Täterkinder. Margit Reiter lebt und arbeitet als Zeithistorikerin in Wien. Dort besetzt sie, wenig erstaunlich, die "Forschungsschwerpunkte" Österreich-Israel, natürlich die unheilvolle Trias "Antisemitismus-Antizionismus-Antiamerikanismus" sowie "NS-Nachgeschichte". Den Anfechtungen in den eigenen Reihen ist sie in einer Monographie "Unter Antisemitismus-Verdacht" nachgegangen, die "Die österreichische Linke und Israel nach der Shoah" thematisiert. Ihr jüngstes Werk bleibt in diesem vertrauten Umfeld und beschäftigt sich mit dem "Nationalsozialsmus im Familiengedächtnis" (Die Generation danach. Studien-Verlag, Innsbruck 2006, 331 Seiten, gebunden, 29,90 Euro). Vornehmlich werden "Vaterbilder" und "Mutterbilder" im Wege der "oral history" ermittelt. Im Ergebnis ist die Autorin erst mit der Enkelgeneration zufrieden, wo sich viel "antifaschistisches Engagement" im "kritischen Umgang mit den familiären Verstrickungen" zeige.

 

Geheimdienste vor 1914. Jenseits aller weitgehend widerlegten Denkschablonen und Vermutungen aus Fritz Fischers Mottenkiste widmet sich der Historiker Jürgen W. Schmidt einem weitaus ergiebigeren Feld, um Hinweise auf das Entstehen des politischen Klimas zu erhalten, das in die Katastrophe von 1914 führte.

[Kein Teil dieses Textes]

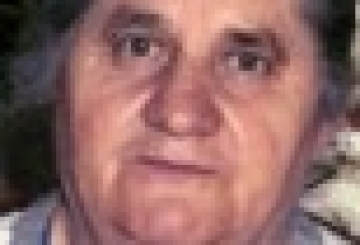 Вітання 36/2018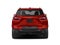 2021 Chevrolet Blazer FWD RS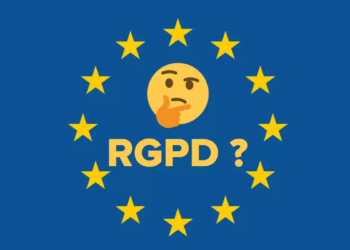 RGPD Responsable du traitement et sous-traitant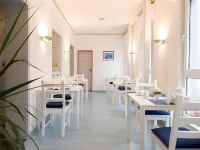 Hotel Zum Eisenhammer - 3 stelle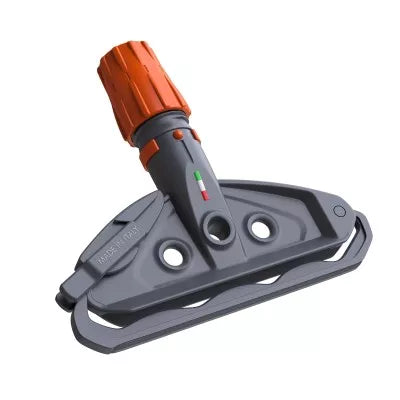 Giotto mopklem oranje (Stuks)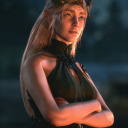 abaldurfairytale avatar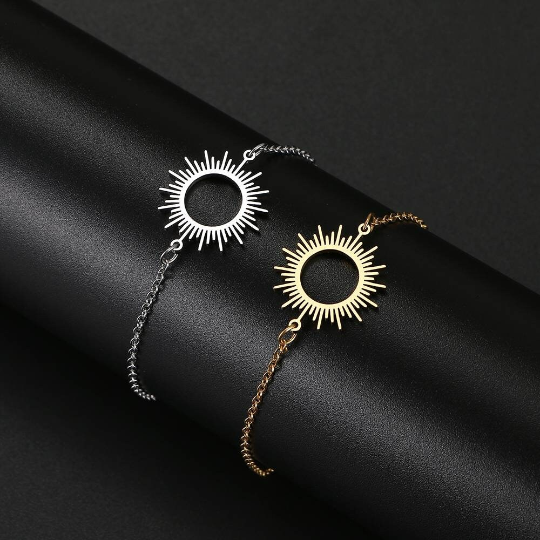 Bijoux boho chic - Bijoux boheme chic femme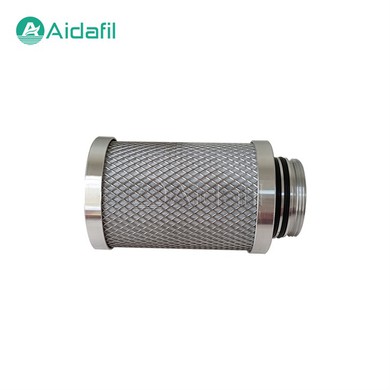 Compressed Air Line Filter Element AK 05/30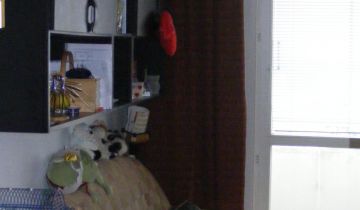 Pokój Warszawa Bródno, ul. Wacława Tokarza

Dazu analysierte er die Arbeit des militärischen Nachrichtendienstes des preußischen Großen Generalstabes (Sektion IIIb) seit Ende des 19. Jahrhunderts bis 1914. Obwohl der Titel des auf seiner Dissertation fußenden Buches etwas anderes andeutet, befaßt sich Schmidt fast ausschließlich mit der Spionageabwehr gegen das mit Frankreich verbündete Zarenreich. Die Provinzen Ost- und Westpreußen und Posen, die eine schwer überwachbare Grenze hatten, waren dabei das von Schmidt detailliert und kundig nachgezeichnete Haupteinsatzgebiet dieses einzigen Geheimdienstes im Kaiserreich (Gegen Rußland und Frankreich. Der deutsche militärische Geheimdienst 1890-1914. Ludwigsfelder Verlagshaus, Ludwigsfelde 2006, broschiert, 687 Seiten, 35 Euro).